When running a large number of queries against a TileDB dense array, we are seeing an accumulation of memory usage. This can run into several GBs and eventually causes an out of memory error.
It seems periodically re-instantiating the TileDB context object leads to controlled memory usage - this suggests memory is held by the context object and correctly released when the context object is garbage collected.
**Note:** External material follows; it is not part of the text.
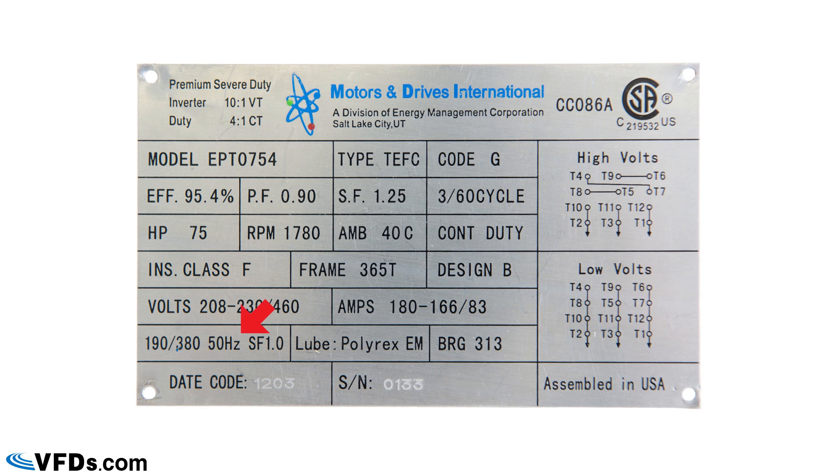Further down there are 50 Hz designations, as this motor can also operate on a 50 Hz power supply. To the right of that is the lubrication specification — it's very important to use the correct lubrication, as the wrong type will destroy the bearings. Finally, there are bearing numbers listed; manufacturers vary, so check with the manufacturer or simply look up the bearing designation online.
Unfortunately, adding this logic to periodically re-instantiate the TileDB context object isn't a practical solution for our more complex scripts (i.e. with multiple open arrays in PyTorch Datasets, requirement to track the number of queries when re-instantiating the context etc.), so we're hoping we can resolve this issue.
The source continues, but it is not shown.